Im Unterschied zur Haftpflicht wegen unerlaubter Handlung kommt es auf die Widerrechtlichkeit der Handlung oder ein Verschulden des Schädigers nicht an. Die Gefährdungshaftung darf nicht mit der deliktischen Haftung für vermutetes Verschulden (z. B. Haftung des Fahrzeugführers nach § 18 Abs. 1 Straßenverkehrsgesetz oder Haftung für nützliche Haustiere nach § 833 Satz 2 BGB) oder mit der Haftpflicht für fremdes Verschulden (z. B. Haftung des Schuldners für den Erfüllungsgehilfen nach § 278 BGB oder Haftung des Fabrikinhabers nach § 3 Haftpflichtgesetz) verwechselt werden. Durch die Haftung für vermutetes Verschulden wird der Geschädigte lediglich von der Pflicht befreit, ein Verschulden des Schädigers nachzuweisen. Bei der Haftung für fremdes Verschulden wird einer Person, die sich selbst rechtmäßig verhalten hat, die schuldhafte pflichtwidrige Handlung eines anderen zugerechnet.

Inhaltsverzeichnis

Grundgedanke

Die Gesellschaft erlaubt bestimmte Verhaltensweisen trotz ihrer Gefährlichkeit auf Grund ihrer sozialen Nützlichkeit (sozialadäquates Verhalten).
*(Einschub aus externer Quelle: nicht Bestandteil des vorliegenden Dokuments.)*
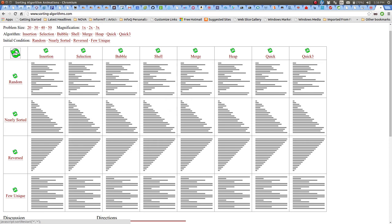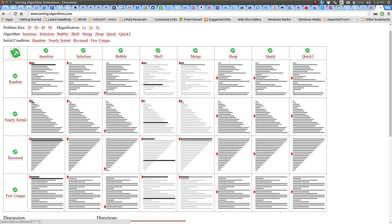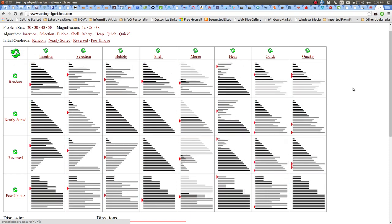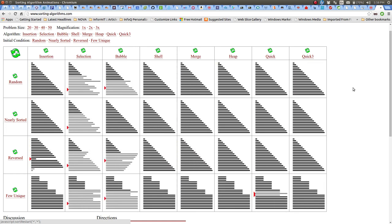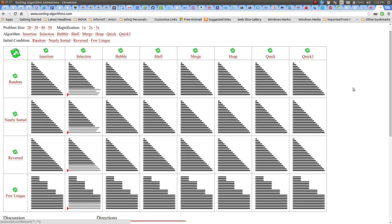Let's run all of them with random, nearly sorted, reversed, and few unique arrays and see which one sorts the array first and which one ends up going last. You can click to restart all of them. Here they are — they're all working. Bubble sort is done, quick sort was done very quickly, selection sort is still not done — there it is, now it's done. So it gives you an idea of how they behave in terms of the time they take and the approach they use to sort an array.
Wer z. B. an dem Straßenverkehr teilnimmt, ein Kernkraftwerk betreibt, eine Eisenbahngesellschaft unterhält oder Produkte in den Verkehr bringt, tut nichts Unrechtes, obwohl er weiß, dass sein Verhalten unter Umständen gefährlich werden kann. Sein Verhalten ist gesellschaftlich erwünscht. Der Grundgedanke der Gefährdungshaftung liegt darin, dass derjenige, der Nutzen aus abstrakt gefährlichen Handlungen zieht, welche die Gesellschaft für nützlich erachtet und daher erlaubt, auch für die Schäden einstehen soll, die sich aus der gefährlichen Handlung ergeben. Weil die Gefährdungshaftung nur Schäden erfassen soll, die sich aus dem eigentümlichen Risiko der gefährlichen Handlung ergeben, ist die Haftung für Schäden, für welche die gefährliche Handlung zwar (mit)ursächlich ist, aber nicht die spezifische Gefahr der Handlung betrifft (z. B. betriebsfremde Gefahren, höhere Gewalt) ausgeschlossen. Um die betriebsspezifische Gefahr zu ermitteln, ist eine wertende Betrachtung in Ansehung des Schutzzwecks der Norm vorzunehmen. Die Gefährdungshaftung ist Ausfluss der verteilenden Gerechtigkeit (ius distributiva), in dem sie Risikosphären zuweist: ihr liegt das ethische Prinzip „wem die Vorteile gebühren, der soll auch die Nachteile tragen“ zugrunde. Um die Versicherbarkeit von Risiken zu ermöglichen, sind in der Regel Haftungshöchstgrenzen festgesetzt worden.

Deutschland

Haftungstatbestände

Bei der Schaffung des Bürgerlichen Gesetzbuches (BGB) unterschied man noch nicht klar zwischen Haftpflicht für unerlaubte Handlungen und Haftpflicht für rechtmäßiges Verhalten. Deshalb steht die Tierhalterhaftung (§ 833 BGB), die für Luxustiere eine Gefährdungshaftung begründet, rechtssystematisch falsch unter dem Titel 27 für unerlaubte Handlungen. Das gleiche galt für die frühere, durch das Reichsjagdgesetz vom 3. Juli 1934 abgelöste Haftpflicht für Wildschäden nach § 835 BGB a.F..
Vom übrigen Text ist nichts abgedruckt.